Work request:
Your copy should hold exactly the lines from the one containing "Casa à venda" through the last line of the entries, and no pictures.

Short web captions:
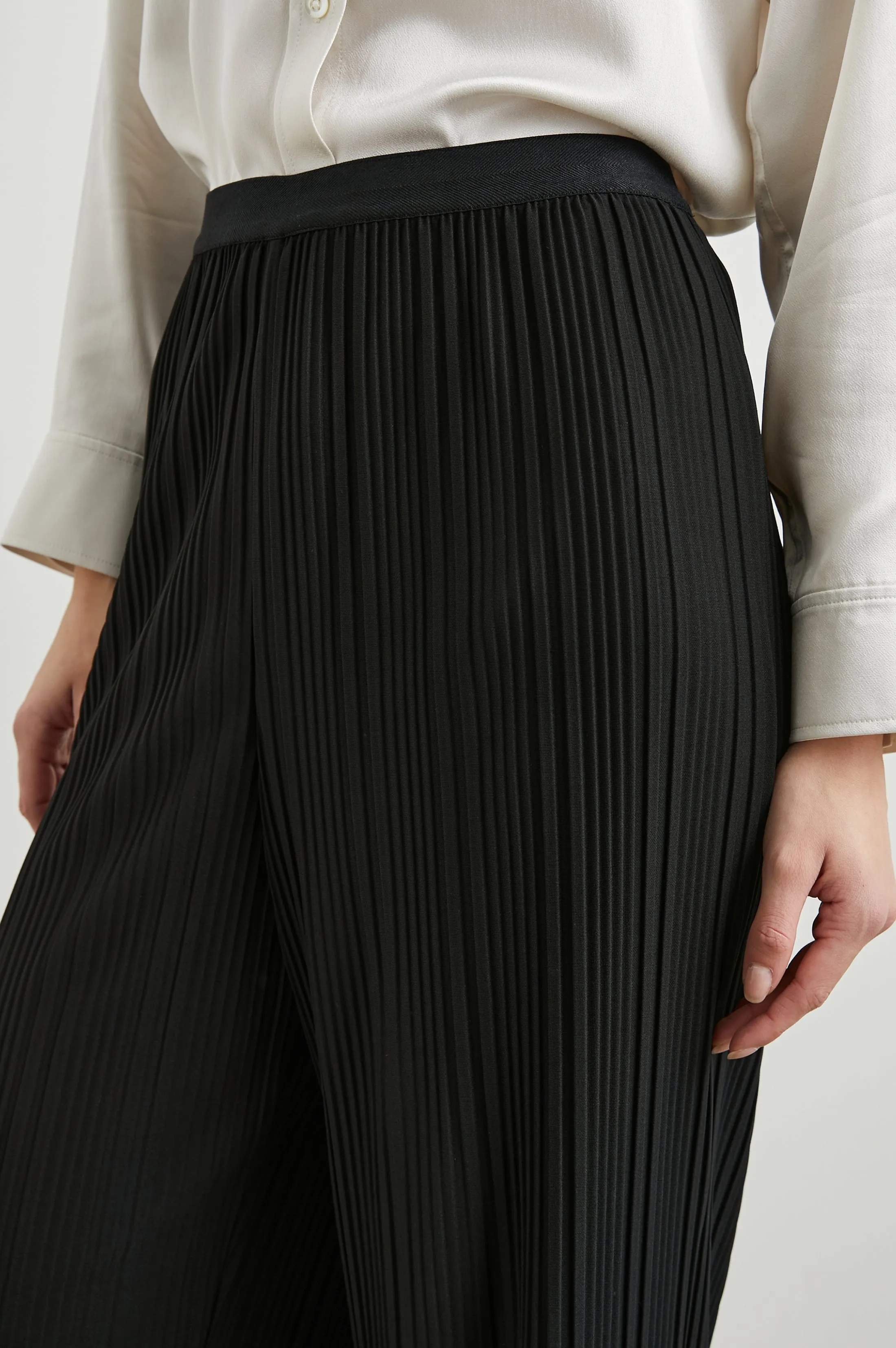 LIANA PANT - JET Rails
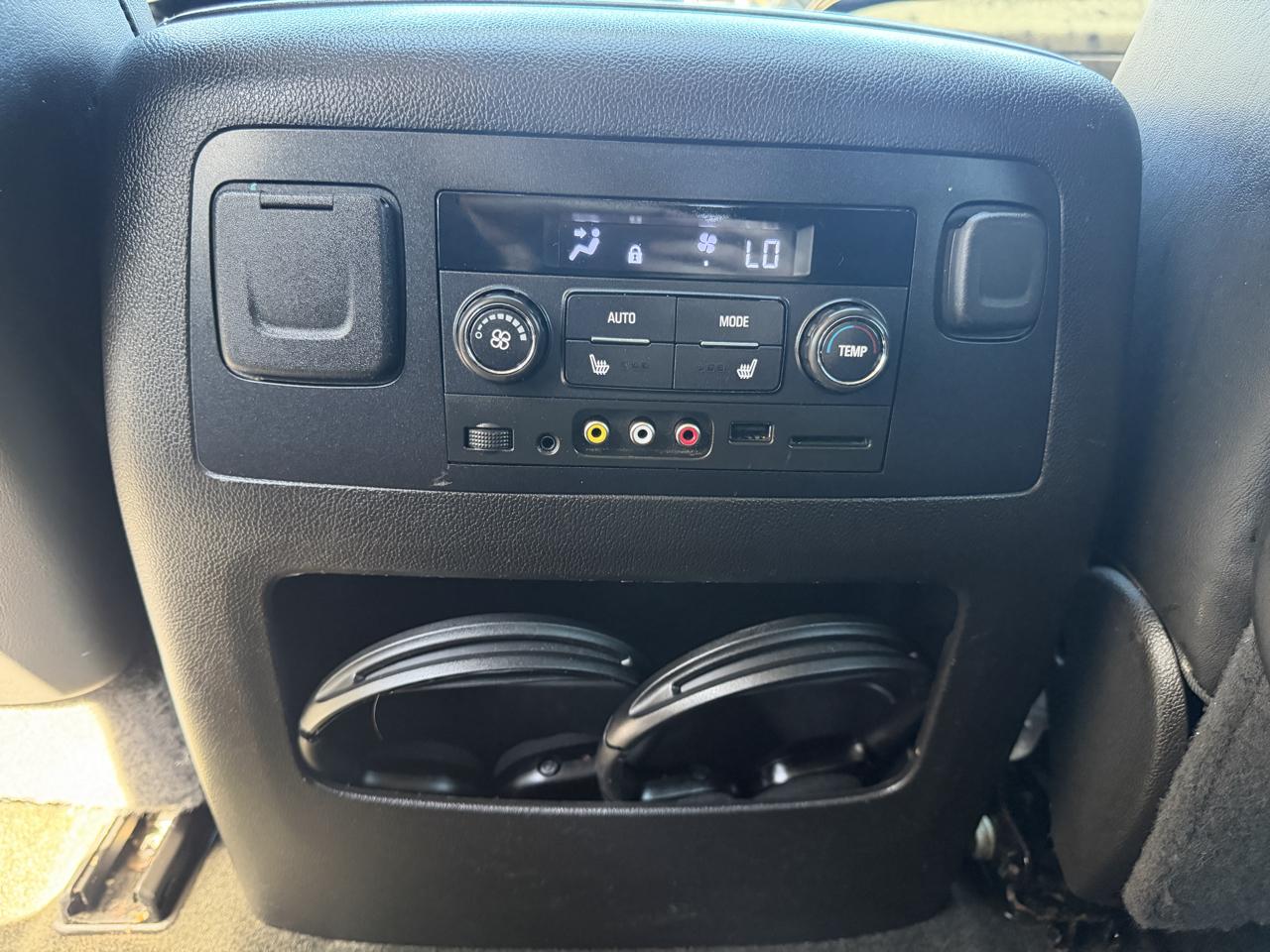 GMC Yukon Denali 4WD 2016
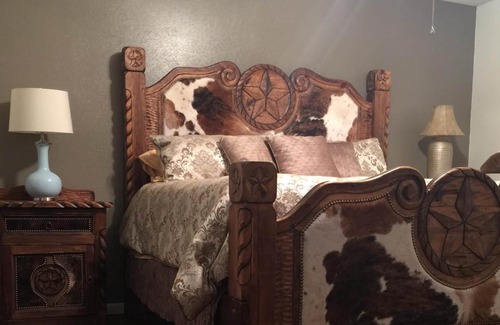 Shirewood House | THE AGGIE RETREAT Lodging@TheAggieRetreat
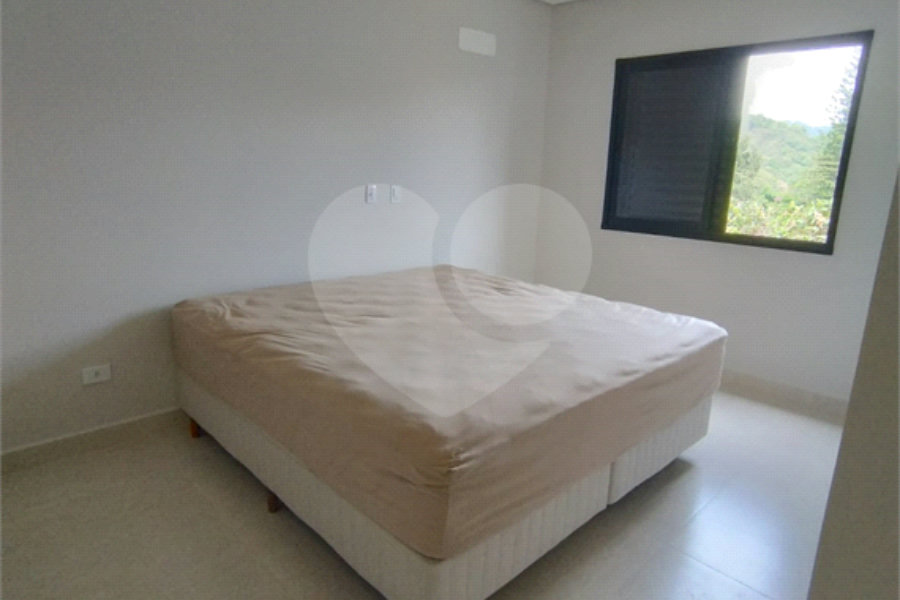 Casa à venda com 4 quartos, sendo 2 suítes, no condomínio Alpes da Cantareira, Mairiporã - SP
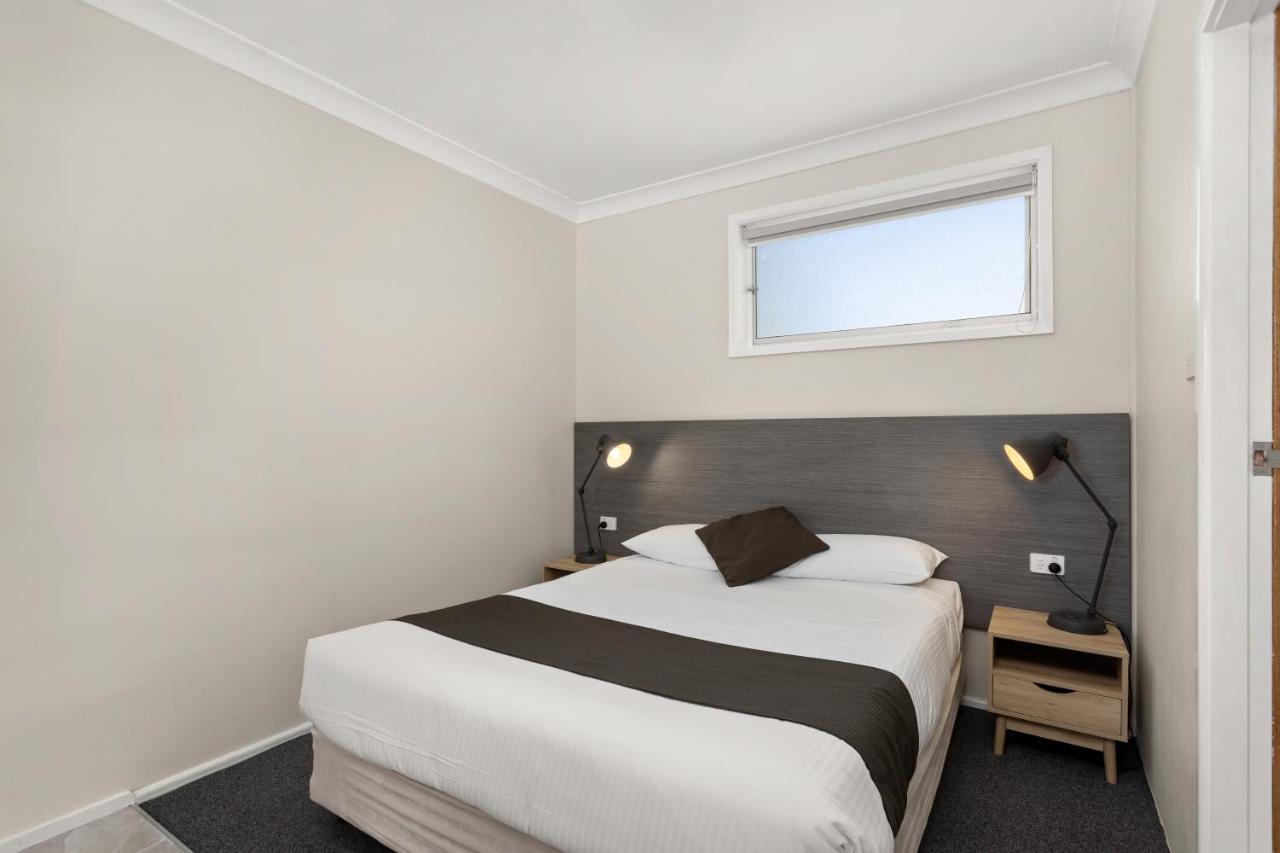 Wingham Motel Экстерьер фото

Problem solution:
 Casa à venda com 4 quartos, sendo 2 suítes, no condomínio Alpes da Cantareira, Mairiporã - SP
 Wingham Motel Экстерьер фото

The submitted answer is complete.